---- Given data
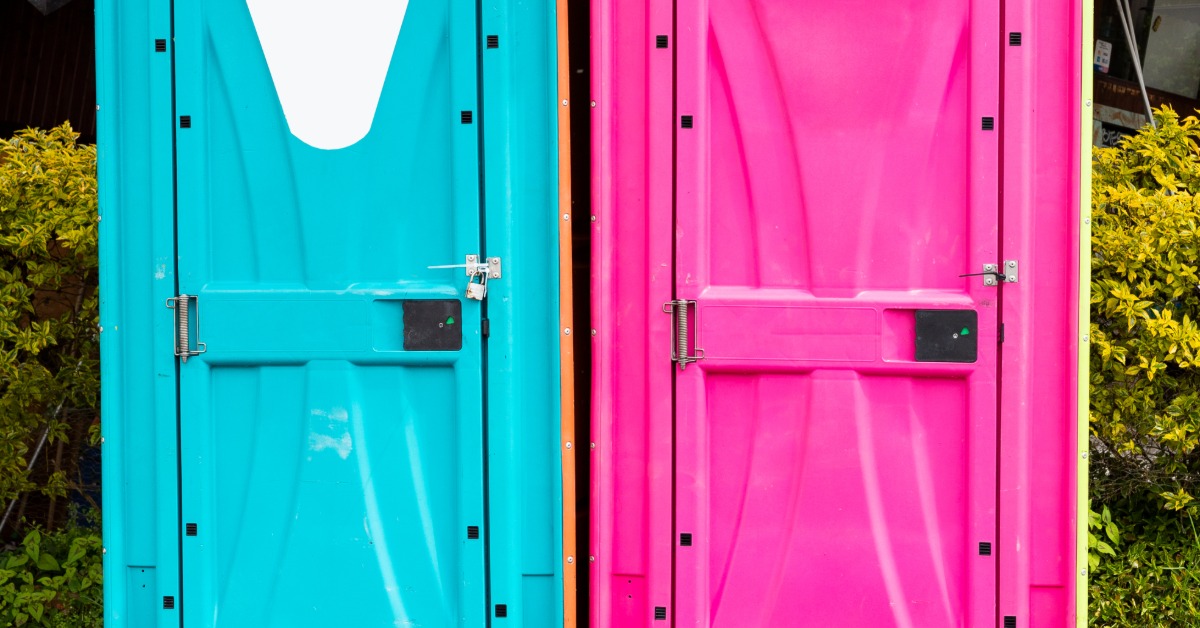 Two colorful portable restrooms side by side—one teal with a white sign, one hot pink—on a brick path outdoors.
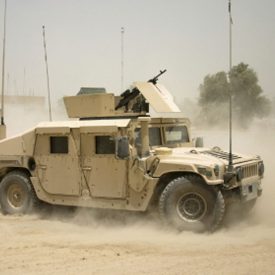 Humvee cor de areia levanta poeira conforme percorre a estrada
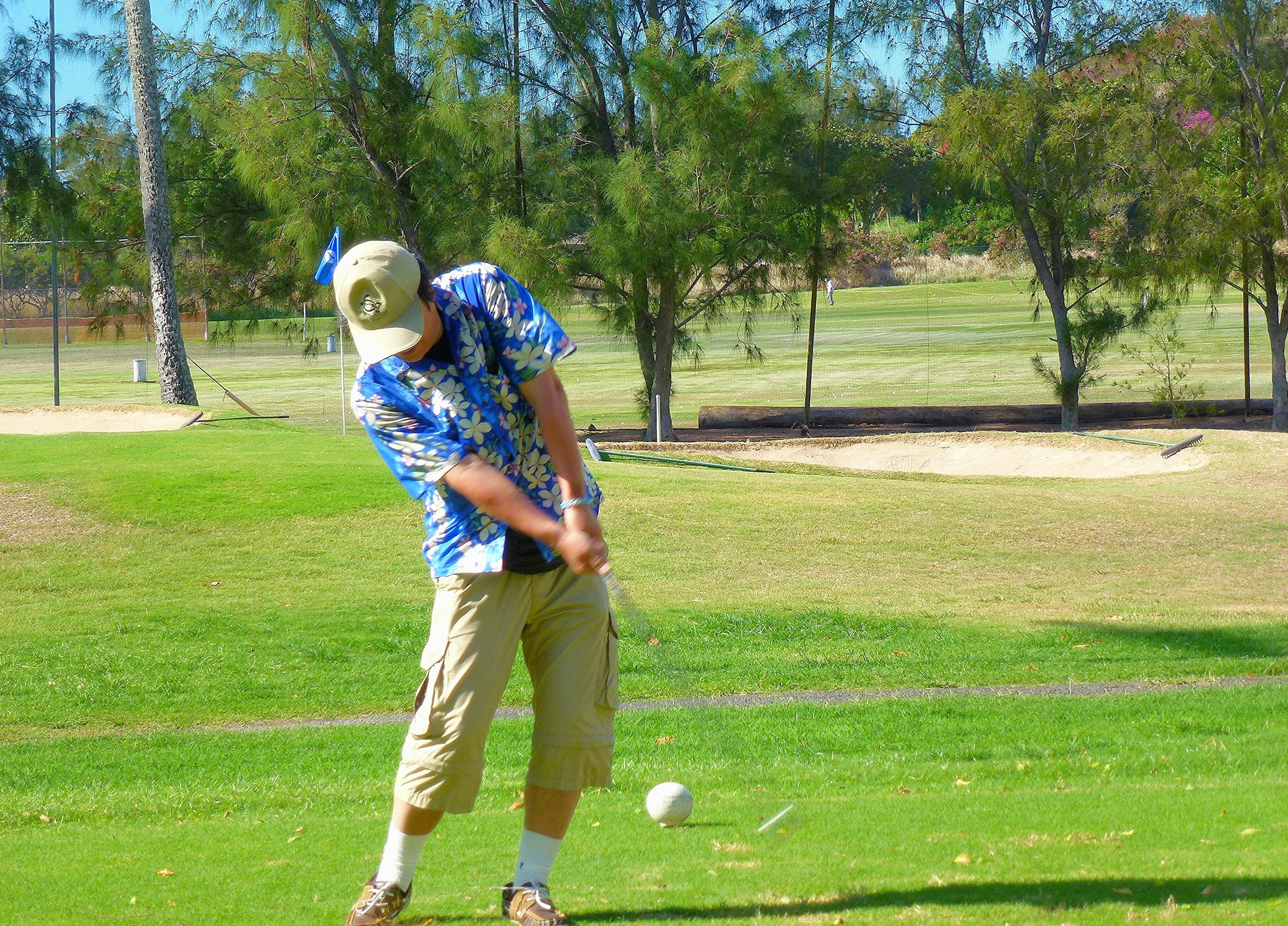 Mann spielt Golf in einem blauen Blumenhemd und Shorts in einem Golfschwung auf grünem Gras bei sonnigem Wetter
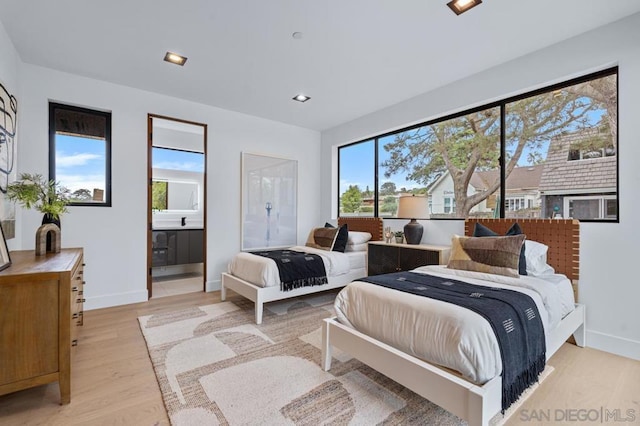 bedroom with ensuite bathroom and light hardwood / wood-style floors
--------
Problem description: Please output the entire listing above verbatim and omit its images.

Exercise output:
 Two colorful portable restrooms side by side—one teal with a white sign, one hot pink—on a brick path outdoors.
 Humvee cor de areia levanta poeira conforme percorre a estrada
 Mann spielt Golf in einem blauen Blumenhemd und Shorts in einem Golfschwung auf grünem Gras bei sonnigem Wetter
 bedroom with ensuite bathroom and light hardwood / wood-style floors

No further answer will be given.